I have 13 years of IT experience involving everything from PCs, Windows/Linux/Unix servers, virtualization, networking, VOIP, writing code, etc., and it is worth more than all of the peices of paper combined.  When I first got into IT, I was all about getting pieces of paper, thinking it would somehow magically advance my career.  However, as I met more and more people in my industry, I came across "paper MCSEs", "paper CCNA's", and "paper<insert cert here>" who could study for a test and pass it, but had no real world experience to back it up.  I also had classmates that thought they would land $80k/yr jobs after getting their bachelor's degree, with no experience.  In my first consulting company I worked for, I worked with a guy who was MCSE who hadn't actually worked on a production server, and he couldn't even figure out how to reset a user's password in active directory!  He just was good at memorizing books, or more likely brain dumps.  I have learned that quite frequently, the way that exams want you to answer questions are NOT how things get done in real life, Ex: in real life you use third party tools which save tons of time and increase accuracy.  There is no substitute for real world experience, especially resolving outages that cause thousands of users to be unable to work, which as you can imagine is SUPER stressful.  In interviews I have often been asked to explain the biggest outages I have ever resolved, and how I resolved them.  As far as why I am against degrees, I found that all they show is that you can attend a college for four years, and upon completion employers are hesitant to hire you because they think you want too much money.  I actually had a former boss tell me that he didn't want to hire me because of my degrees, but my varied experience won him over.  Don't get me wrong, I enjoyed getting the pieces of paper, but in hindsight don't feel they were worth the effort.

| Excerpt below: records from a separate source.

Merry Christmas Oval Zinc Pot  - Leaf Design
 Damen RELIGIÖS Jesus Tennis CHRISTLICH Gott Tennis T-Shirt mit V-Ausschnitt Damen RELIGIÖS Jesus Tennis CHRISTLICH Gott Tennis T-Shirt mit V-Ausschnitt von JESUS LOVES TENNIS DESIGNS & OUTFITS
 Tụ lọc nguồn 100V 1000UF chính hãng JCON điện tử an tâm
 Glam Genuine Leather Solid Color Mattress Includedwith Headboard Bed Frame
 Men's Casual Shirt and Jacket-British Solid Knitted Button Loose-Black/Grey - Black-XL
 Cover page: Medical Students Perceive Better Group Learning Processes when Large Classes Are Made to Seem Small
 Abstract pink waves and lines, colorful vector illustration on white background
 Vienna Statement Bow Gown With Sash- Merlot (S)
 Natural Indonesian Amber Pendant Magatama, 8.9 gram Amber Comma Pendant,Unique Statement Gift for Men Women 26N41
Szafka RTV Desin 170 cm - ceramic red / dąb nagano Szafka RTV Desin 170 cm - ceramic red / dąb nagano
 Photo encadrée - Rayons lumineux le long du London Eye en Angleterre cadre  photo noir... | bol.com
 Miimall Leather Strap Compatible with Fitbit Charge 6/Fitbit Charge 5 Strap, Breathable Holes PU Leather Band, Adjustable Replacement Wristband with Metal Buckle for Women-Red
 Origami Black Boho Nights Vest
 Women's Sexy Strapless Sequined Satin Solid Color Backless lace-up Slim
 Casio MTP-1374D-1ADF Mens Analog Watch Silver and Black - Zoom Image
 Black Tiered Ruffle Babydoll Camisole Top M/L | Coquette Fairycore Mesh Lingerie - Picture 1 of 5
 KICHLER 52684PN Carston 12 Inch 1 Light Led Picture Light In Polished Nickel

I would HIGHLY recommend that you work at a consulting company, not a corporate IT department if your goal is increasing your knowledge and building up a resume.  Take minimum wage if you have to, because you will rapidly increase your worth and put all kinds of useful stuff on your resume, which translates to much more money later.  You get to work in tons of different environments instead of just one company, and often they will pay for your certs and insist that you get them to maintain their partnership levels with companies like Cisco and Microsoft.  It's also pretty common in large corporate environments to be pigeonholed into doing one boring job that doesn't advance your knowledge(DNS admin, active directory user admin, etc.).  Don't even get me started on "change control" and other corporate bureaucratic practices that amount to filling out 20 pages of paperwork to do necessary tasks, and those 20 pages have to pass through three different departments within IT for signatures.  I've been trapped in corporate IT jobs before just to get a paycheck at an easy job, but consulting companies improve your knowledge WAY more.

Get the experience first, then get the pieces of paper if not having them holds you back because you need a certain cert to qualify for a promotion.  Also use GNS3 to learn about Cisco if you don't have real equipment to practice on, and use VMWare/Xen/Proxmox to setup virtual servers to practice the Windows server stuff.

Be prepared not to have a life if you really want to have maximum upward mobility in this industry, and to get calls at 3AM if something major breaks.  Good luck.